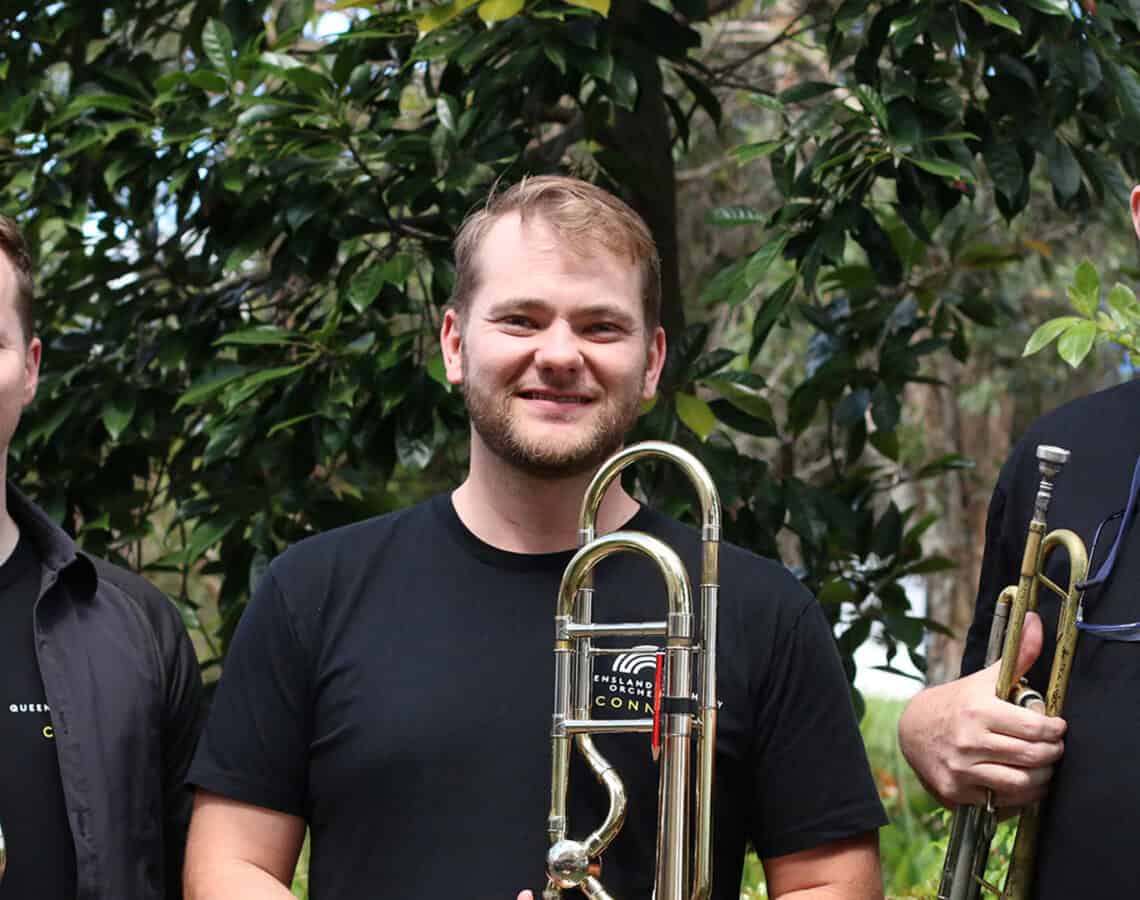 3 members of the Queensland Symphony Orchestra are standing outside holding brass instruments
==
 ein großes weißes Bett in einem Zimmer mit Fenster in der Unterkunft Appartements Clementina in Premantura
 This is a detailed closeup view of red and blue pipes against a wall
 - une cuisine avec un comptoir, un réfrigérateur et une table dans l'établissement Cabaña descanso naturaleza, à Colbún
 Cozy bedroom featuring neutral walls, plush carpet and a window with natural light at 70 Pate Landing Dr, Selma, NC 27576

*EXERCISE DESCRIPTION*
Starting at the line with "This is a detailed" and ending at the line with "Cozy bedroom featuring", print each line of the listing above exactly, with no other lines.

*FINISHED EXERCISE*
 This is a detailed closeup view of red and blue pipes against a wall
 - une cuisine avec un comptoir, un réfrigérateur et une table dans l'établissement Cabaña descanso naturaleza, à Colbún
 Cozy bedroom featuring neutral walls, plush carpet and a window with natural light at 70 Pate Landing Dr, Selma, NC 27576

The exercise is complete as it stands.